- Film poster with original title
- Directed by: Dmitry Astrakhan
- Written by: Dmitry Astrakhan
- Starring: Otar Megvinetukhutsesi
- Cinematography: Yuri Vorontsov
- Edited by: N. Viktorova
- Music by: Alexander Pantykin
- Production company: Lenfilm
- Release date: 11 September 1991 (TIFF);
- Running time: 83 minutes
- Country: Soviet Union
- Language: Russian

= Get Thee Out =

1991 film

Get Thee Out (Изыди!) is a 1991 Soviet comedy-drama film directed by Dmitry Astrakhan. The film was selected as the Soviet entry for the Best Foreign Language Film at the 64th Academy Awards, but was not accepted as a nominee.

==Plot==
The film was based on literary works of Sholom Aleichem, Aleksandr Kuprin and Isaac Babel.

Motya Rabinovich, in celebration of his good fortune, is preparing a feast for the entire village.
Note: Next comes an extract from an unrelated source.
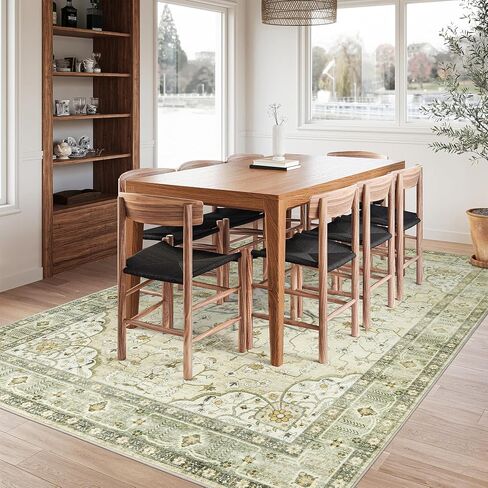 Valenrug Area Rug 8x10 - Stain Resistant Bedroom Rug, Anti Slip Machine Washable Rug, Vintage Tones Rugs for Living Room(8'x10', Green) in Saudi Arabia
However, his mind is haunted by visions of pogroms rolling across the country. His only daughter has converted to Christianity in order to marry the son of the village elder. Alongside the troubling visions, scenes emerge of a truck, carrying pogromists under the Russian tricolor flag, ominously approaching the village to a mournful waltz.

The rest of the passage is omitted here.